The other big reason for IMF and World Bank pessimism is the ongoing trade war between the US and China. After World War Two, the American elites created a global free trade environment that disproportionately supported, and still supports, their corporations. Most of the Western ruling classes still support this architecture, but with America and Europe now in relative—and seemingly terminal—decline, several hard-right populists have broken ranks, with the aim of winning power domestically and wrestling more of the system for their respective backers.

During his election campaign, Trump promised to be more aggressive with China as part of his strategy to ‘Make America Great Again’. The reason for this is the inexorable rise of Chinese capitalism, which has grown by a cumulative 6,000% since they moved decisively into State-Capitalism in 1978, alongside Trump’s desire to get re-elected. Western leaders are undoubtedly worried by this new reality, but few favour the disruption that comes with the aggressive tariffs the Trump administration has imposed. To date, €300 billion worth of Chinese exports and €80 billion worth of US exports are facing tariffs. This has inevitably put a dampener on global trade and helps to explain why, just last week, both sides have agreed to a truce on about half the goods currently affected. The table below helps to explain the damage to the wider global economy.
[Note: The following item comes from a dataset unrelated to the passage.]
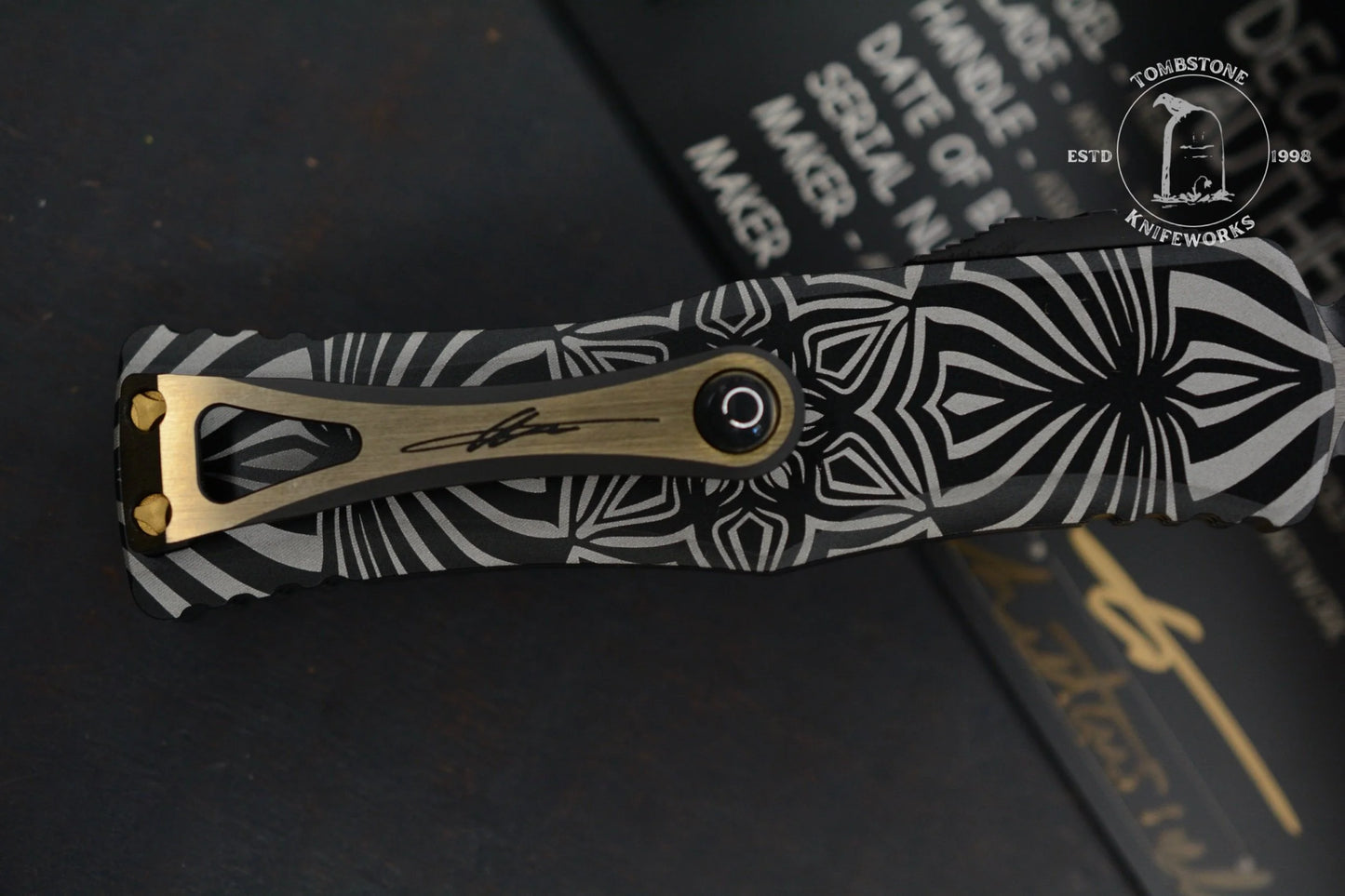 Microtech Hera Two Toned Black w/ Gold Accents Aircraft Alloy w/ Source Artwork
In addition, the fight between the worlds two biggest economies is causing other forms of longer-term disruption. Mainstream economists don’t usually recognise the tendency for the profit rate to fall that Marx identified, but they do understand the importance of capitalist investment decisions for the ongoing health of the international economy. This explains why the IMF have used their latest Global Prospects Report to lament the fact that the trade war is not only disrupting global supply chains it is also undermining business confidence and investment. Meanwhile, the severity of American tariffs has also increased the possibility that the Chinese leadership may begin to decouple their companies from reliance on Western consumers. Reflecting on this prospect the Chairman of the Eurasia Group, Cliff Kupchan identified this as…

the single biggest thing that worries me…The inexorable march by the two countries to separate at least the technology sectors, and possibly more—I fear it will lead to the weaponisation of tariffs as the new normal, force third countries to take sides, and act as a real drag on growth”.

Whatever happens in the shorter term, it is likely that, over the next few years, the global system is likely to become even more unstable as China overtakes America as the world’s biggest economy, climate change becomes an ever-bigger menace and the unproductive capital at the heart of the system continues to act as a drag on global profitability. In the meantime, the big unknown is how the global wave of grassroots protest will interact with this instability.